## PROBLEM TO WORK ON
Pictures stay out, but every line of the data is copied exactly.

## SOURCE RECORDS
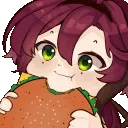 heizouburger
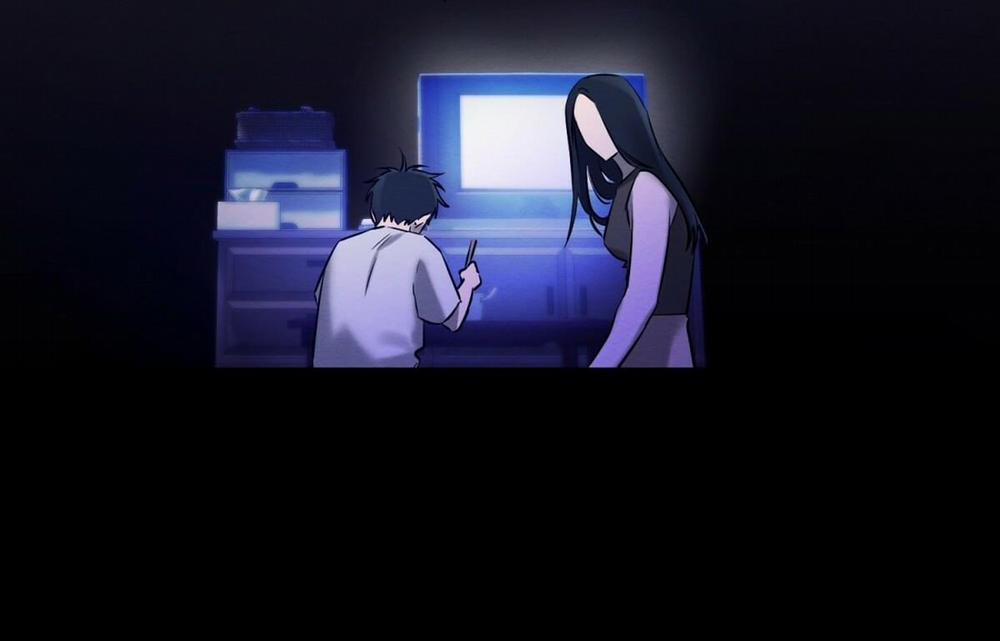 Sự Tình Của Kẻ Ác Nhân 19 trang 112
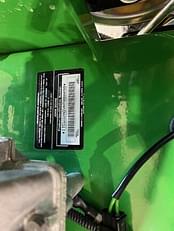 Main image John Deere WG32A 11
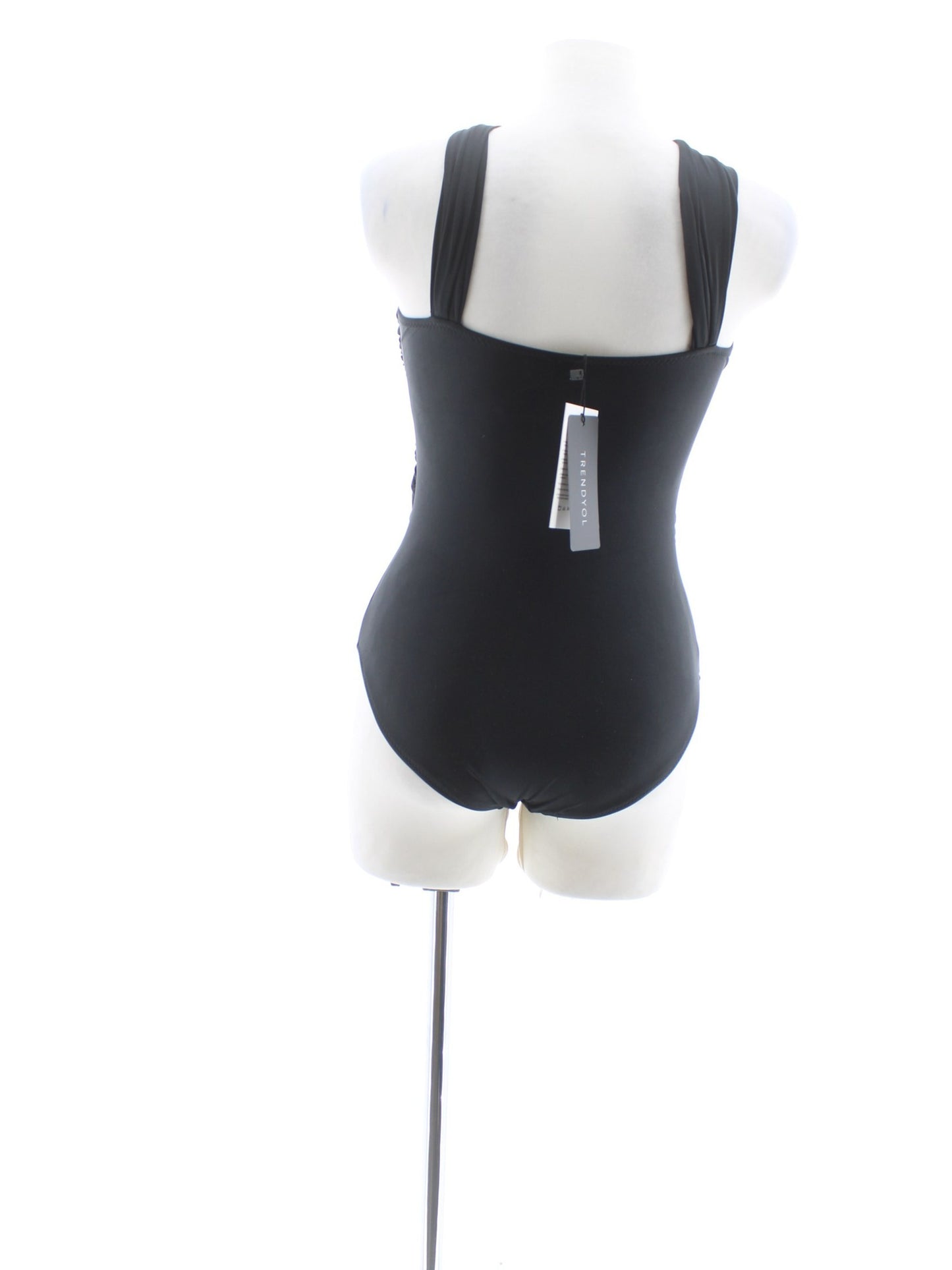 4f3125d55c5024d20b80851d5299d4f8
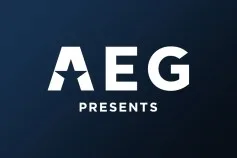 AEG Partners With Archer Aviation to Bring Air Taxis to L.A. Live
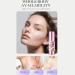 Isolation Cream | Women Face Nourishing Primer Brightening Cream Facial Skin Care Products for Traveling Business Trips Home Working Gathering Dating Hersil - Buy Online on GoSupps.com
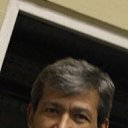 ���� Bahtiyar Kazakov, ������, 61 ��� - ��������� 27 ����� 2014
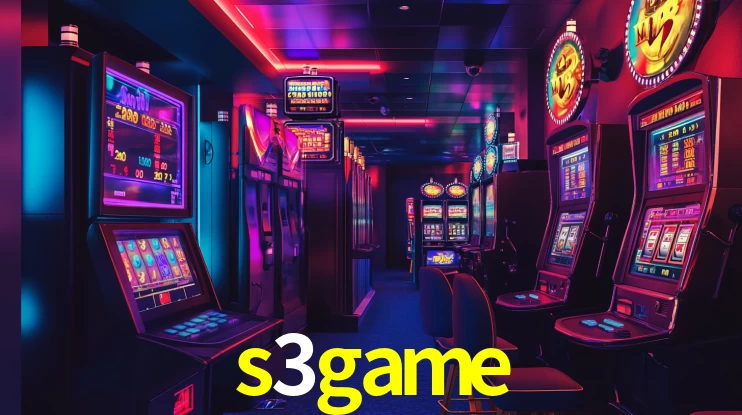 Instant EasyPaisa s3game
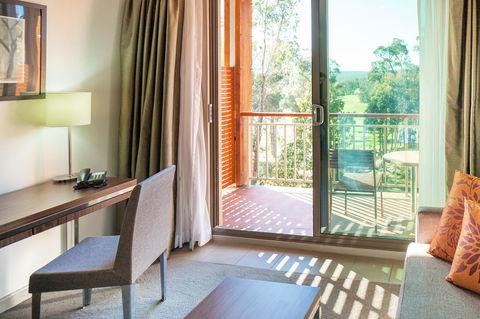 RACV Goldfields Resort - Accommodation Gold Coast 44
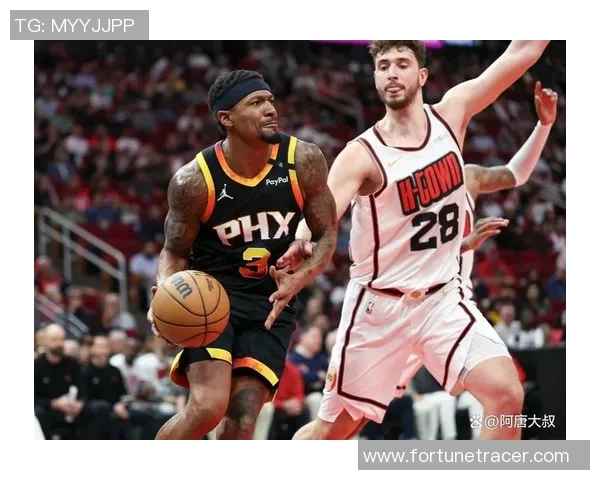 火箭队与骑士队精彩对决全程录像回放及赛后精彩分析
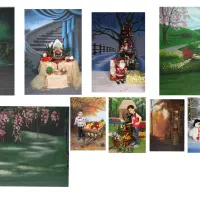 بکراند عکاسی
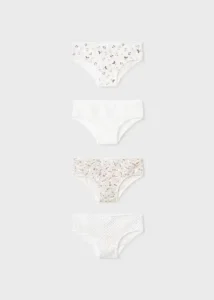 Εναλλακτικό χρώμα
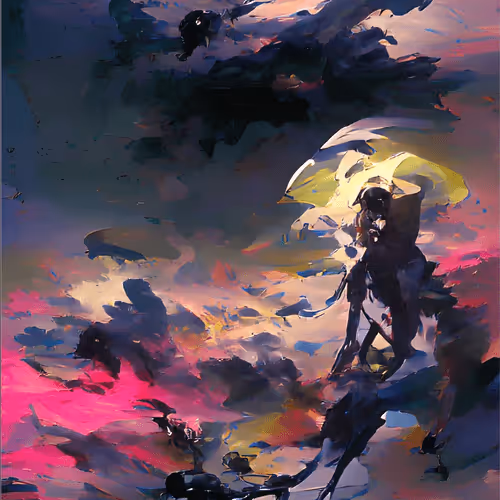 Item #2704956789117973710837499949403781250908982859035742063932249381382014369793 Media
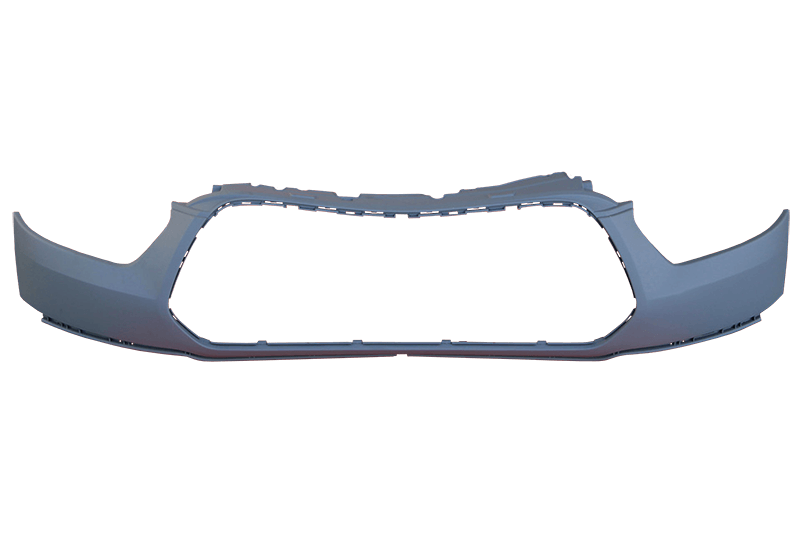Maschera anteriore Ford Transit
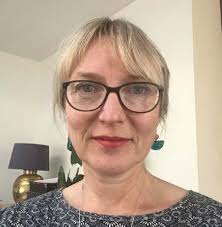 Children's Services Practice Week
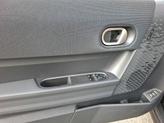 Thumbnail of 2025 Midnight Black II Metallic MINI Hardtop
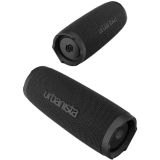 ZVOČNA POSTAJA URBANISTA NASHVILLE PRENOSNA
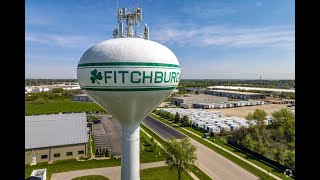 Living in Fitchburg, WI: The Ultimate Local Guide | Homes.com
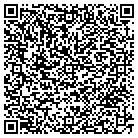 QR code with Atlantic Rim Mechanical & Envi contacts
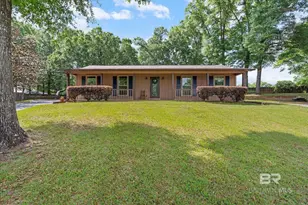 7243 Bull Pen Cir, Mobile, AL 36695 - Photo 31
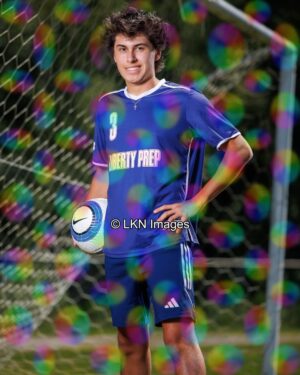LP - Soccer - M: R3A_1811_LP_Fall
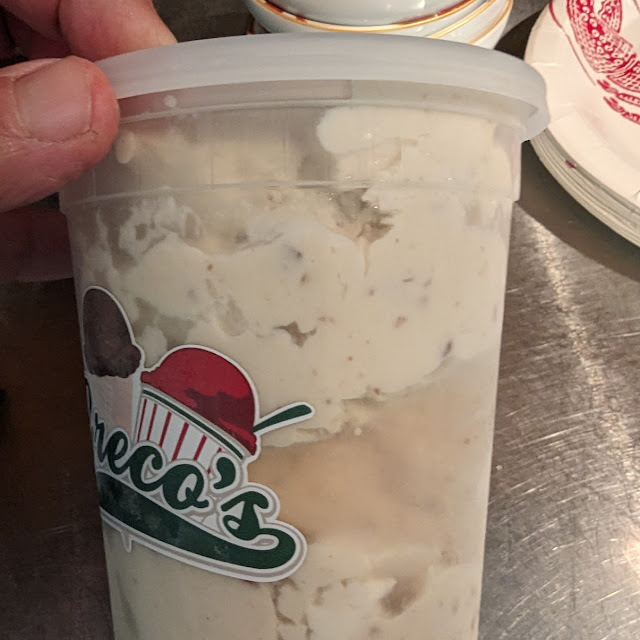 Gorgonzola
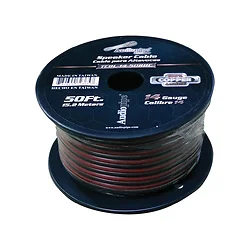 Audiopipe-TCBL1450RBC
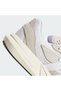 Lightblaze Shoes - 3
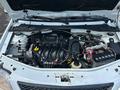 ВАЗ (Lada) Largus 2014 годаүшін3 400 000 тг. в Актобе – фото 12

## ANSWER BOX
 heizouburger
 Sự Tình Của Kẻ Ác Nhân 19 trang 112
 Main image John Deere WG32A 11
 4f3125d55c5024d20b80851d5299d4f8
 AEG Partners With Archer Aviation to Bring Air Taxis to L.A. Live
 Isolation Cream | Women Face Nourishing Primer Brightening Cream Facial Skin Care Products for Traveling Business Trips Home Working Gathering Dating Hersil - Buy Online on GoSupps.com
 ���� Bahtiyar Kazakov, ������, 61 ��� - ��������� 27 ����� 2014
 Instant EasyPaisa s3game
 RACV Goldfields Resort - Accommodation Gold Coast 44
 火箭队与骑士队精彩对决全程录像回放及赛后精彩分析
 بکراند عکاسی
 Εναλλακτικό χρώμα
 Item #2704956789117973710837499949403781250908982859035742063932249381382014369793 Media
Maschera anteriore Ford Transit
 Children's Services Practice Week
 Thumbnail of 2025 Midnight Black II Metallic MINI Hardtop
 ZVOČNA POSTAJA URBANISTA NASHVILLE PRENOSNA
 Living in Fitchburg, WI: The Ultimate Local Guide | Homes.com
 QR code with Atlantic Rim Mechanical & Envi contacts
 7243 Bull Pen Cir, Mobile, AL 36695 - Photo 31
LP - Soccer - M: R3A_1811_LP_Fall
 Gorgonzola
 Audiopipe-TCBL1450RBC
 Lightblaze Shoes - 3
 ВАЗ (Lada) Largus 2014 годаүшін3 400 000 тг. в Актобе – фото 12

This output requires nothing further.